An analysis of the correspondence and hagiographical works of Philip of Harvengt
By Lynsey E. Robertson
PhD Dissertation, University of St Andrews, 2007
Abstract: For every famous author of the twelfth-century renaissance, there are numerous lesser-known writers. Despite being overshadowed by more brilliant scholars or those closer to the centre of important events, their voices add depth to the study of the intellectual history of this period. A founding member of one of the earliest Premonstratensian houses; a highly-educated and prolific author, much in demand as a hagiographer; and a vigorous defender of the clerical order, Philip of Harvengt is one such writer, and a worthy subject for study. This thesis examines two bodies of Philip’s works – his letters and his hagiographical writings – analysing the predominant and recurrent concerns and ideals expressed in them, and the means by which they are expressed. The letters are carefully crafted works, examples of the literary labour which Philip writes is incumbent upon the cleric.

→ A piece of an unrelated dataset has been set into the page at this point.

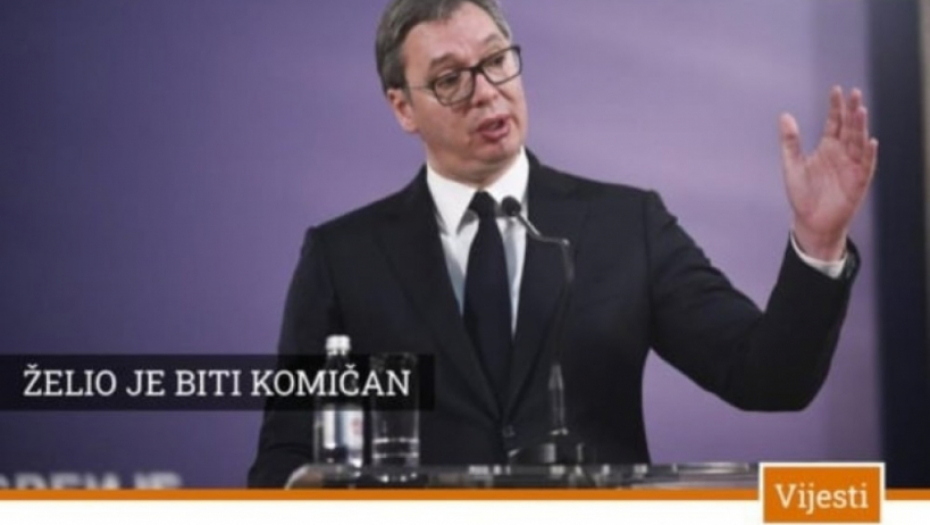 Hrvatski mediji o Vučiću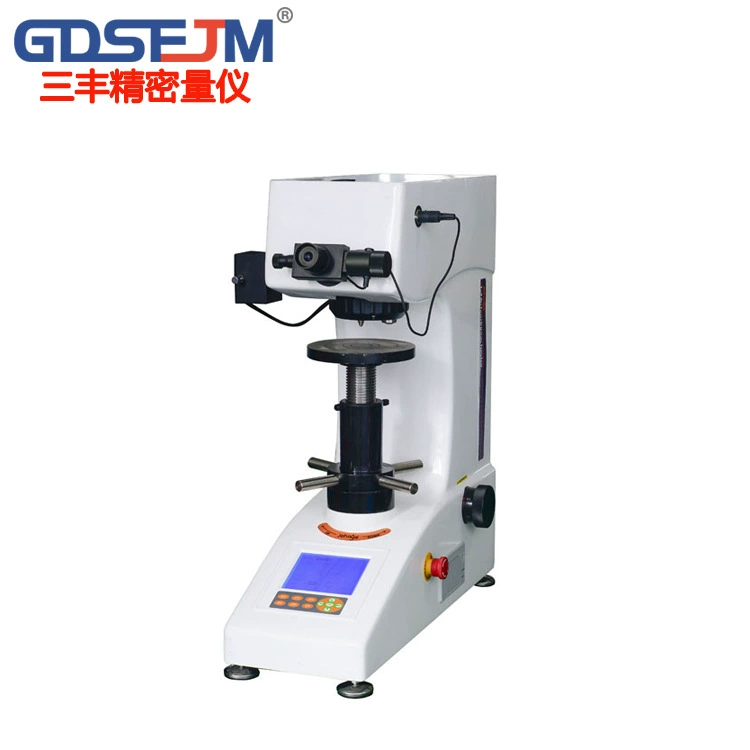 Ручной HVS-30 автоматический тип Измеритель Твердости башенки Викерс HVS-30Z цифровой тип дисплея микро-Измеритель Твердости Викерс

The first part of this thesis approaches these letters in chapters on four themes: the role of the ecclesiastical prelate; the importance of learning; the relationship between religious orders; and Philip’s use of the motif of friendship. His hagiographical works, too, are examples of literary artistry, to move as well as to educate the audience. In the second part of the thesis, these will be discussed individually, with the first chapter analysing his vita of Oda, a nun attached to his own house, whom he portrays as a martyr.

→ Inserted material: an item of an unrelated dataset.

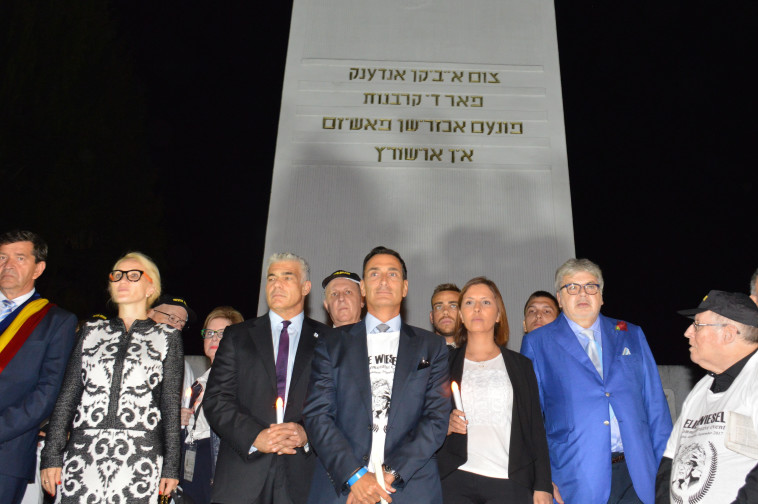 יאיר לפיד וגילה גמליאל. צילום: משה מילנר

The succeeding chapters consider Philip’s rewritings of earlier vitae, and show how he managed his sources in order to produce vitae depicting their subjects according to his ideal model of sanctity. Philip’s letters express concerns shared by contemporaries, reflecting anxieties surrounding roles and ideal forms of living in a period immediately following the first fervour of religious renewal. His hagiographies articulate ideals of sanctity, clarifying these when they are not made sufficiently explicit in earlier works, for the better edification of an audience pursuing this vita perfecta. Both letters and hagiographies are designed to exhort and instruct the reader or listener: above all, Philip is a teacher.